Mal descarregaram a lenha da jangada, o primeiro cuidado de Pencroff foi tornar as Chaminés mais habitáveis e acolhedoras.
Havia que vedar as correntes de ar, e o marinheiro pôs-se a encher as fendas entre os pedregulhos com areia, pedras, terra molhada e ramos entrelaçados. As Chaminés ficaram, assim, divididas em quatro compartimentos abrigados do vento e da humidade, com chão de areia fina e seca e altura suficiente para um homem estar de pé, pelo menos na divisão do meio, que era a maior.
- Agora os nossos amigos já podem voltar, que a casa está pronta para os receber! - disse Pencroff, todo satisfeito.
Faltava, porém, tratar da lareira e preparar a refeição.
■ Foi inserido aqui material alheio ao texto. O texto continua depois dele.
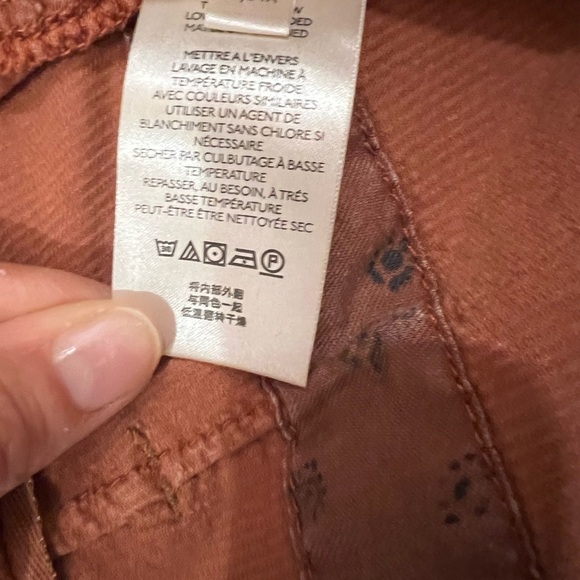 Anthropologie Picro “the wanderer” rust corduroy slim fit pants 25P - Picture 11 of 13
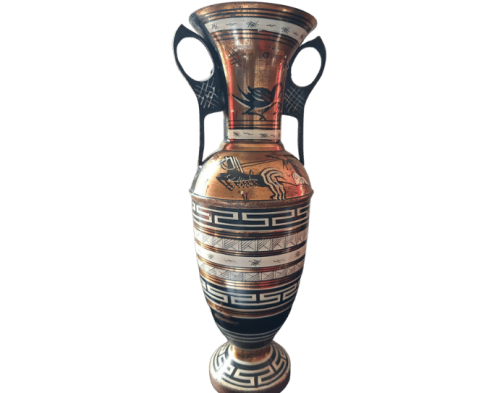 Greece Vase - Oree Geometic And Animals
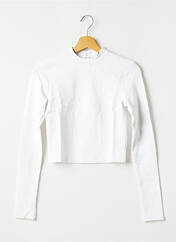 T-shirt blanc ROMY X NA-KD pour femme seconde vue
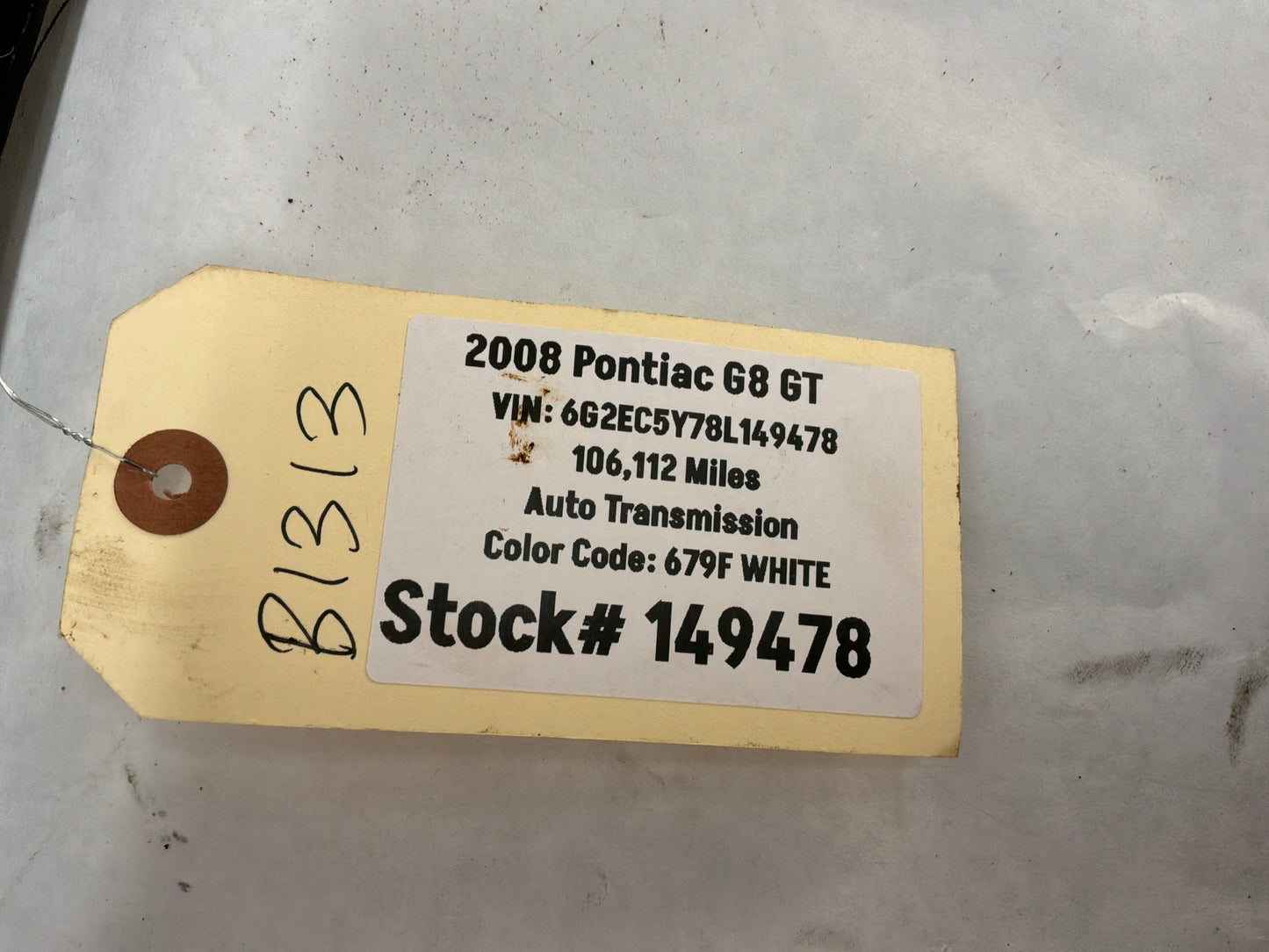 2008 Pontiac G8 GT RH Passenger Interior A pillar Windshield Trim Panel OEM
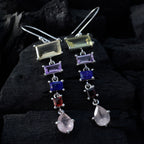 Multi-Moroccan-Kennedy-multiple-Dangle-multicolor-Sterling-Silver-Earring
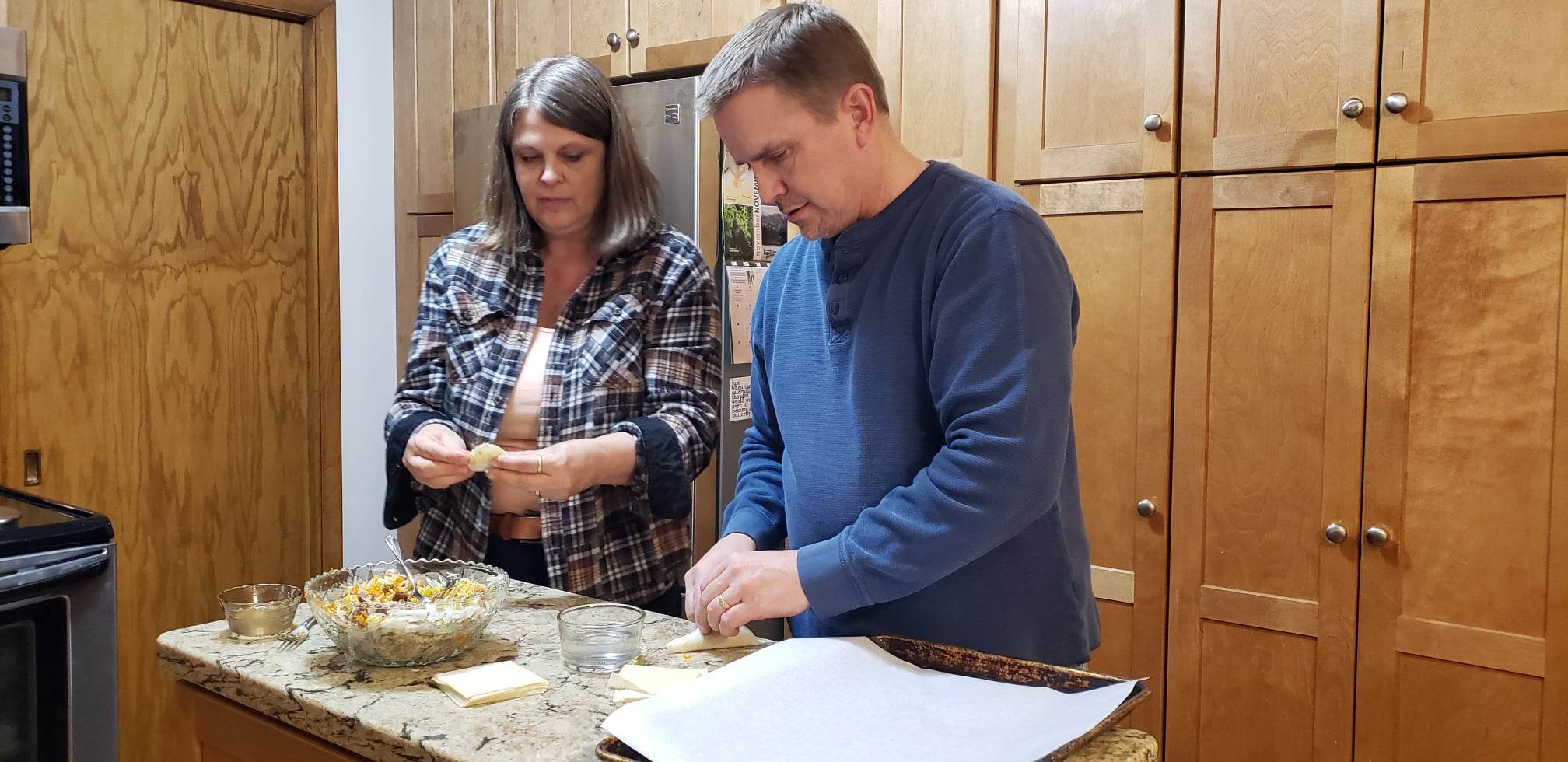 Making mandu with Mom and Dad - Vimarsana News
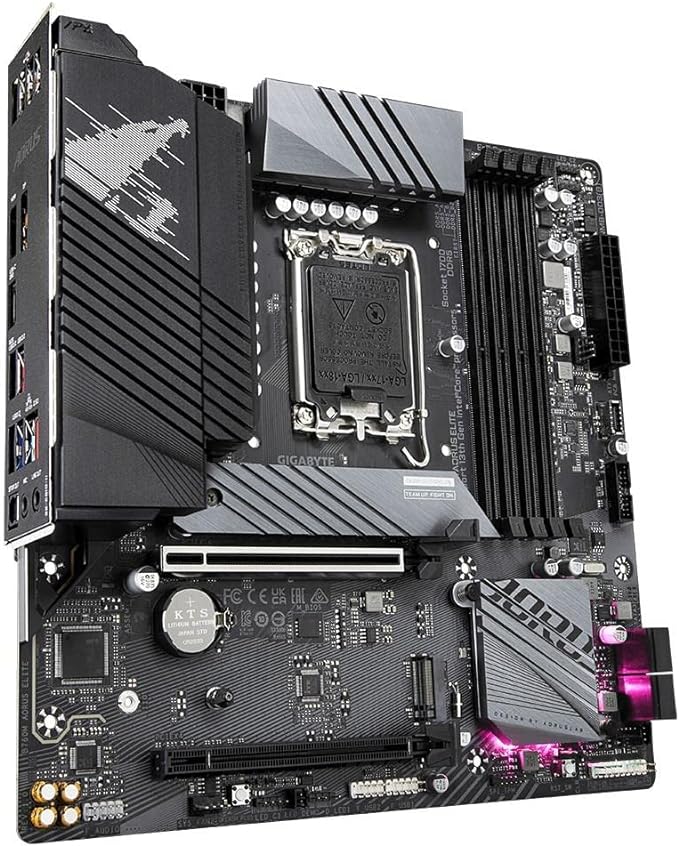 Gigabyte B760M AORUS ELITE Placa Mãe (rev. 1.0), LGA 1700, DDR5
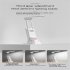 LED Desk Lamp 3 Levels Adjustable Brightness Eye Protection USB Charging Reading Lamp Night Lights Black 5000mah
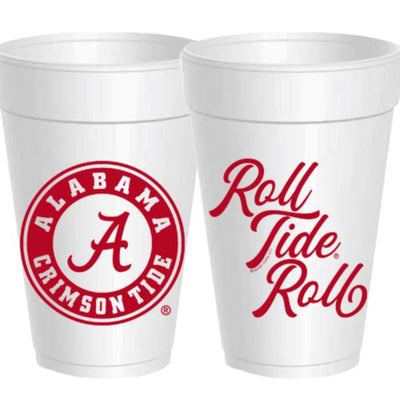 Alabama - Roll Tide Roll Styrofoam Cups - Gabrielle's Biloxi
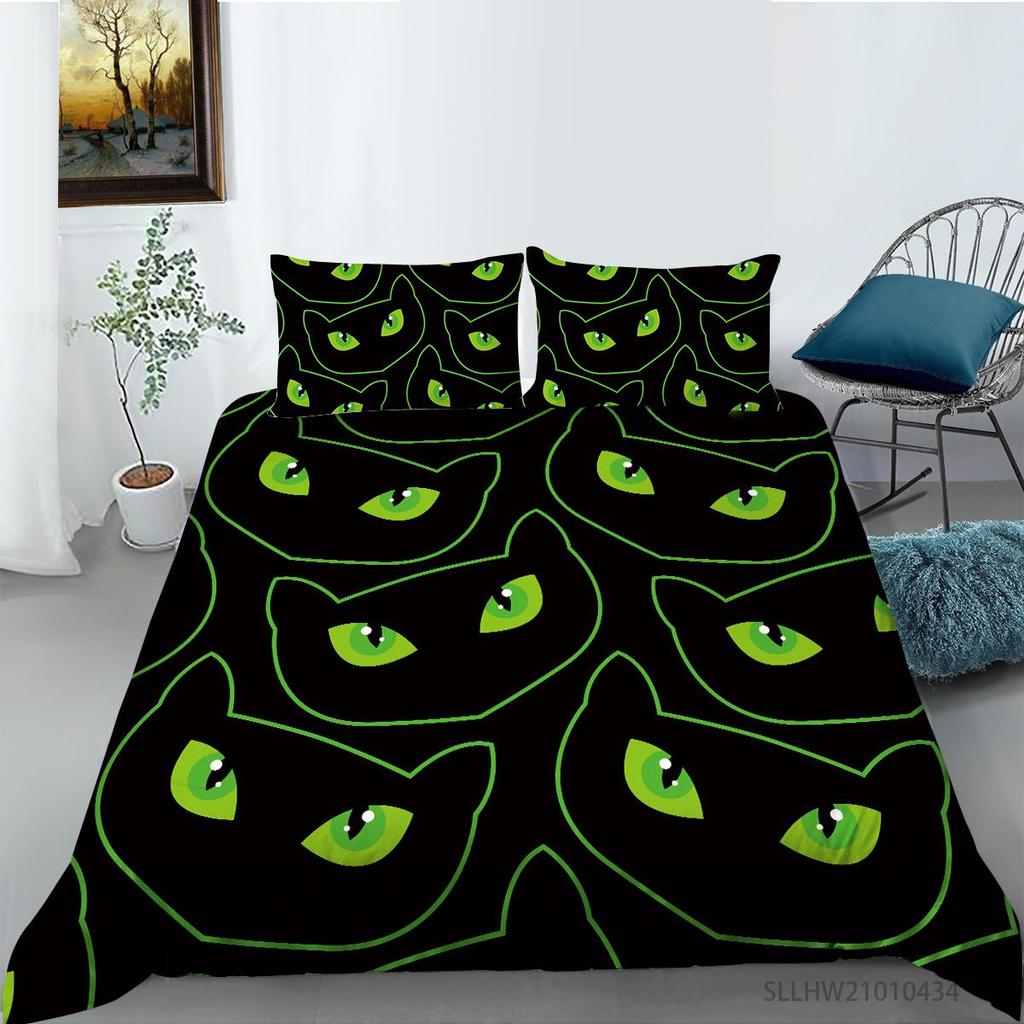 Skull Head Printed Bedding Single Double Bed Full Size Personalized Dark Pattern Pillowcase and Quilt Cover 2 or 3 Comfortable Home Decoration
O primeiro corredor da esquerda foi o escolhido, por ter um bom escoamento para o fumo. O marinheiro assentou lajes de pedra no chão, sobre as quais colocou alguns toros de madeira; a restante provisão de lenha foi depois cuidadosamente arrumada num dos compartimentos do abrigo. De repente, o jovem Harbert perguntou a Pencroff se tinha fósforos.
- Pois claro! Felizmente que tenho! - respondeu este.
- Sem fósforos estávamos bem arranjados!
E deitou a mão ao colete, à procura da caixa de fósforos de que nunca se separava, como fumador que era. Mas da caixinha nem sinal! Procurou e tornou a procurar em todos os bolsos, sem qualquer resultado...
- Não a terias deitado fora, Pencroff, quando estávamos na barquinha? - perguntou o rapaz.
- Isso é que era bom! Nunca... mas com tantos piparotes que levámos, pode ter caído. Olha, o meu cachimbo também se foi!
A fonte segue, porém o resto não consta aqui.